- _PROBLEM DESCRIPTION_: Your output should consist of the lines from the first line of the records below through the one with "1 bedroom, desk, bed", exactly, minus the pictures.

——————————

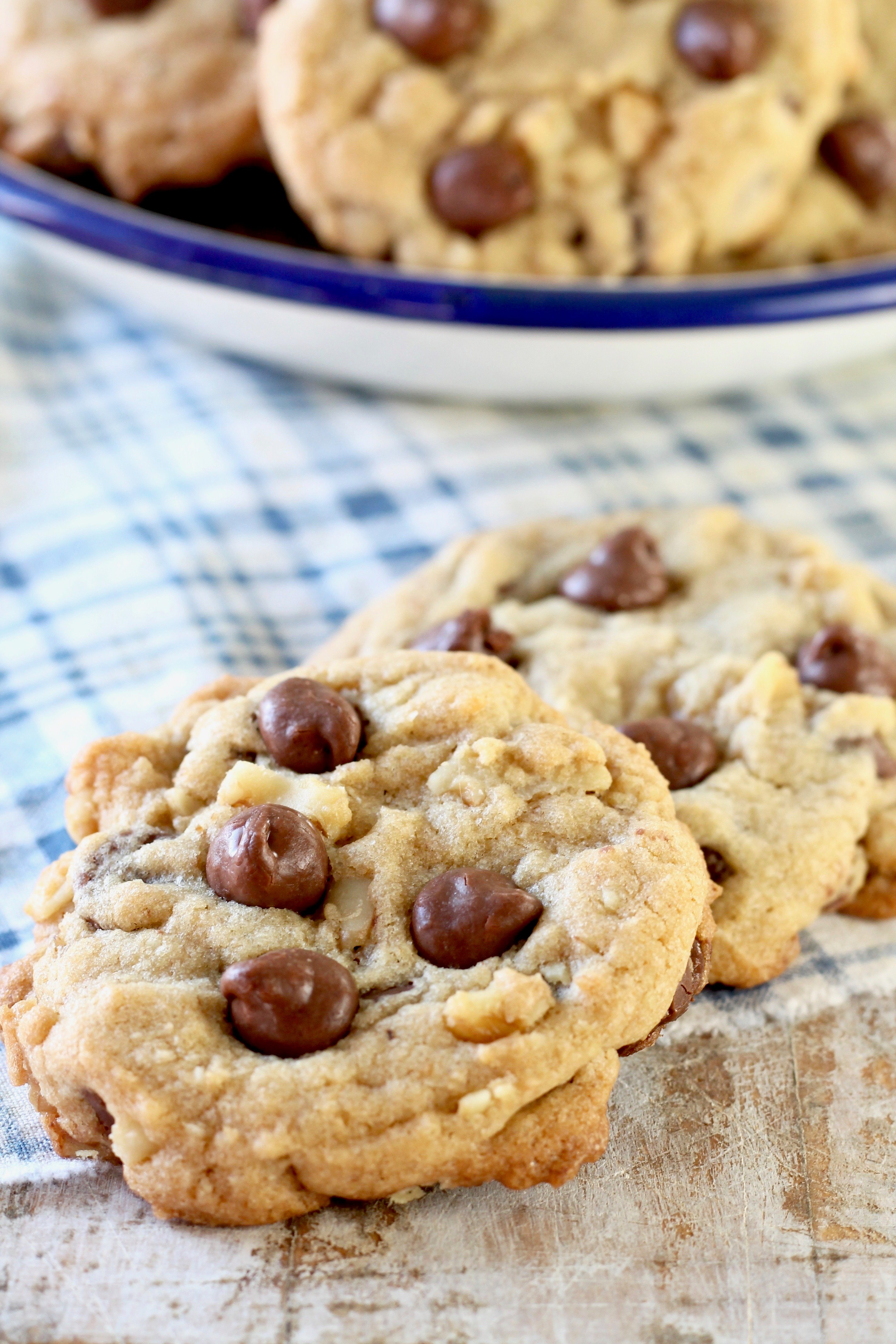 Easy Chocolate Chip Walnut Cookies recipe
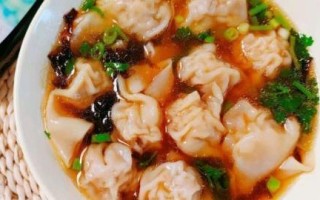 如何制作鲜美的鲜肉虾仁小馄饨（学习制作小馄饨，享受鲜嫩口感）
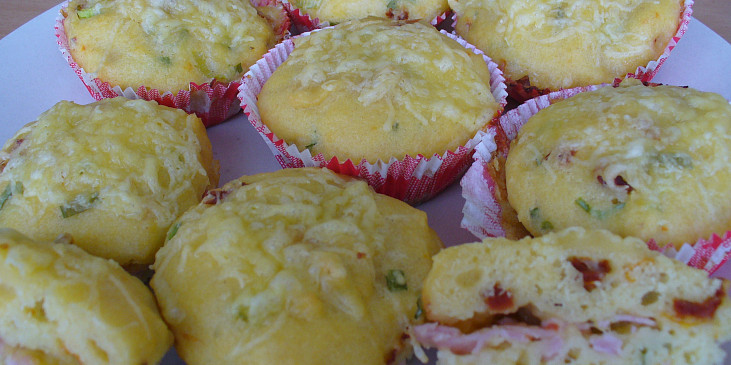 Plněné slané muffiny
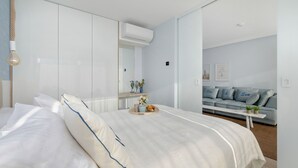 1 bedroom, desk, bed sheets - Sun & Sea With Sea View by Renters (Darlowo)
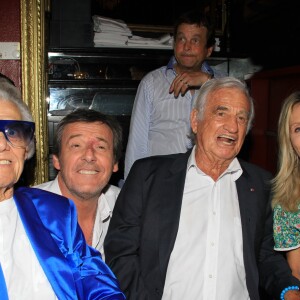 Michou, Jean-Luc Reichmann, Jean-Paul Belmondo et sa nouvelle compagne Valérie Steffen - Michou fête son 88ème anniversaire dans son cabaret avec ses amis à Paris le 18 juin 2019. Son cabaret est reconnu dans le monde entier depuis les années 60. Toute sa carrière, ce célèbre Amiénois a chanté pour nous faire rire. Il sort un best of pour réunir toutes ses chansons. Il s'agit d'un nouveau disque de 23 titres racontant son parcours. © Philippe Baldini/Bestimage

——————————

- _EXERCISE ANSWER_:
 Easy Chocolate Chip Walnut Cookies recipe
 如何制作鲜美的鲜肉虾仁小馄饨（学习制作小馄饨，享受鲜嫩口感）
 Plněné slané muffiny
 1 bedroom, desk, bed sheets - Sun & Sea With Sea View by Renters (Darlowo)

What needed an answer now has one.